The thicker repertoire was poured on for the second piece of the night in an arrangement of the Prelude and Liebestod from Wagner’s Tristan und Isolde featuring soprano Deborah Blakesley. Wagner himself arranged these bookends from the opera into a concert piece and this night’s performance was an arrangement of that arrangement penned by ensemble-member Paul Westwick. Buckling slightly at being approached by a cello octet, the piece nevertheless held it’s own. The only issue may have been a case of too many tigers in the cage needing to be tamed. That is to say, when reducing an orchestral score to a smaller ensemble, one throws out all the doubled notes until one is left with a skeletal framework from which to work from. At that point, every time you eliminate something you run risk of compromising the harmony, structure, and cohesion of the piece. Many composers, prominently Vivaldi by happenstance, happen to write in such a style that their music can be reduced to a thin bouquet of three voices that will work for most any ensemble. However, there are passages of Wagner’s music that would resist vehemently the inclination to be reduced to anything less than six or eight. Arrangements tend to be an exercise in compromise. How much can be taken away before you start taking away what makes it Wagner?

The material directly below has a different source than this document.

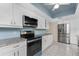 Updated kitchen featuring granite counters, stainless steel appliances, bright lighting, and ample cabinet space at 2008 Pellam Blvd, Port Charlotte, FL 33948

After a brief excursion through a Rossini overture (Guillaume Tell), we arrived at the meat of the program. Villa-Lobos penned his nine Bachianas Brasileiras as an hommage to the seemingly disparate traditions of Baroque counterpoint and Brazilian popular music. Each is as varied musically as the forces they were written for. One might be arranged for flute and bassoon while another would be for orchestra. Some brandish a clamor akin to hedonistic party culture while others kitten-coo demurely from a lazily placed throw pillow. This closing piece, the first of the set of nine, also happened to be the only of the night that was originally composed for cello octet. It was clearly the most challenging piece for the ensemble but its unique sound world parsed it from the pack. Harmonies that ring in the pipes of jazz and taste more like pop than mortarboard find their way into the composer’s language and make a lovely contrasting taste to the Wagner on the program. Villa-Lobos’s love of counterpoint is also made immensely apparent in the final fugue. Much of his contrapuntal artifice is on display here. The theme is excitedly whisked around the ensemble like a proud father showing off his son at a family picnic.
Much could be accomplished if such an ensemble were to get together more than once in a while. The ensemble, given a longer run of concerts, would surely do justice to much of the literature, both old and new.